Maintaining standards is a long-term investment in the future value of your business. Suitable advice, well documented, minimises potential future problems therefore maximises the value you are building. You will have confidence that your standards have been maintained because of the regular monitoring, training and assessment provided by Burns-Anderson. Our personal training and support will assist you in developing your business, with new services or new markets.
Personal support
We have a team of Member Service Managers based throughout the UK. Their job is to work with you, personally, to help you with your business. They are all trained business consultants as well as supervisors, which means that they help you get the balance of maximising your business with minimising the risk.
Complaint handling
The past two major areas of complaint, pensions and endowment mortgages, came about through pressure by the press and the government. Whilst the FSA have said they would not apply retrospective standards, can we be sure that they will not bow to pressure? Currently Equity Release, Interest-only mortgages and Mortgage Income Protection Plans are under the spotlight.
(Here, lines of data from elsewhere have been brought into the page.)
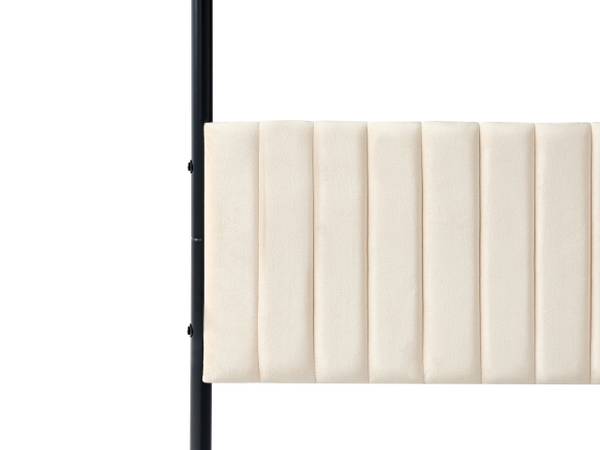 Lit à baldaquin MIRABEAU Beige - Noir - Métal - 186 x 170 x 207 cm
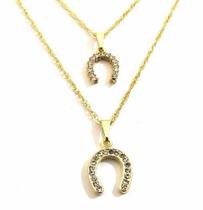 Colar Duplo Country Ferradura Folheado A Ouro 18k Colar Duplo Country Ferradura Folheado A Ouro 18k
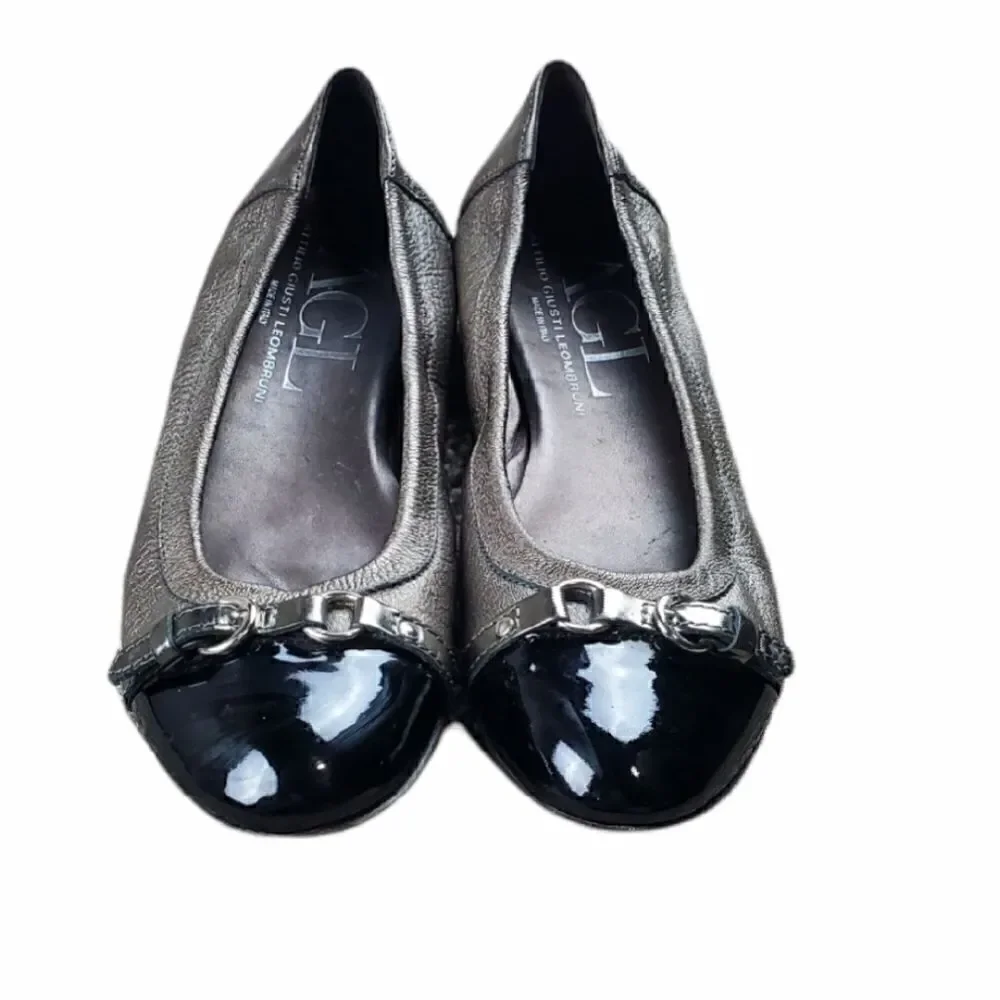 AGI Atillo Gusti Leumbruni Metallic & Black Patent Leather Ballet Flats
Our experts maximise the likelihood of rejection of the complaint, allowing you to continue to focus on your business. Our performance speaks for itself in both the standards that we set and the quality of our complaint investigators with market leading rejection rates, referrals to the FOS, and the rate of decisions where the FOS agrees with our outcome.**
Choice
And this is the nub of why firms join our network. They want to maximise their business and minimise both the risk and the time managing that risk. Not all firms operate in the same way. Firms are built around advisers and their clients. We believe that business growth should not be limited by the knowledge or qualifications of the adviser nor by clumsy, over-bearing compliance regimes. That’s why we give you complete choice of how you want to operate; as an independent adviser offering the option of fees, or whole of market or limited range. If there is more than one adviser in your firm, you can have a mixture of these. Likewise, if your qualifications allow, you can advise on investments, pension transfers, long-term care, mortgages, lifetime mortgages, protection and general insurance. If you do not have any particular qualification, our own in-house IFA service can do this for you under a shared fee or commission arrangement and, for general insurance, our partnership with Berkley Alexander means that you can act as introducer and still receive a healthy commission. This means that you can serve and retain your customer, profitably.
In other words, virtually every aspect of your business that incurs a cost can be minimised and every business opportunity has been maximised by being part of Burns-Anderson.
** Based on anecdotal evidence from FOS and feedback at professional meetings of compliance directors.